Saturday, June 10, 2006

Pitch Changes and Deadness and Aliveness

Deadness and Aliveness: I second Morris' motion for adopting ball deadness before the first wicked as standard game play. If asked why this makes sense to me, I would cite an existing deadness rule, and consider this a logical extension. An existing deadness rule states "Deadness occurs after a roquet is made and the striker is unable to score his/her wicket. The consequences are that the striker is not allowed to roquet the ball(s) again until scoring the wicket. Once the wicket is scored, the striker becomes 'alive' and is able to roquet the ball(s) again. If a striker roquets a ball he/she is dead on, all balls are replaced to their positions before the shot, and the turn is over. Deadness carries over from turn to turn." (USCA backyard 9-wicket rules) I don't think that it is a reach to extrapolate from this rule the following: Because at the beginning of the game, the striker's ball has not scored a wicket, it is dead. I submit this for discussion at Saturday night's game.

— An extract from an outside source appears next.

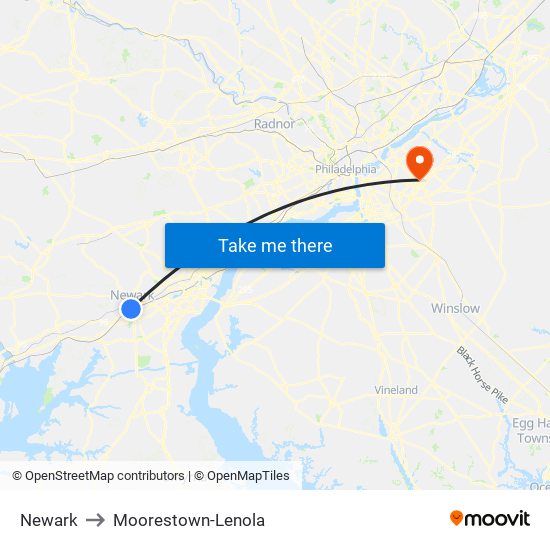 Newark to Moorestown-Lenola map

The new Pitch got some changes. Some good, some bad. For the good, we moved the playing area approximately 10 feet north and 1.5 feet west. This gives us better lawn consistency, bypassing the shrub patch on the east side. The downside to this is that in a lack of foresight and knowledge of adopted boundaries, the pitch now has a two-foot post boundary rather than the traditional six-foot. In other words, out-of-bounds behind the post is now two-feet rather than six, effectively promoting further exploitation of the boundary rules. I think we all have a consensus that exploitation of these rules on the sides of the pitch is both fair and sensible. I anticipate some frustration and disagreement about the effective two-foot border at the ends of the pitch. We can take this up also at Saturday night's game.

1 comment:

wildfreehorse said...

An excellent explanation and defense for pre-first wicket deadness.

As far as the accidental 2 foot boundary behind the wicket, theres a few options. First for the time being make it a 2 foot uniform boundary. A second option is to have a 2 foot boundary for the first post, but a 6 foot for the second. A third option would be to give both posts 6 foot boundaries, and a player just has to deal with the sidewalk.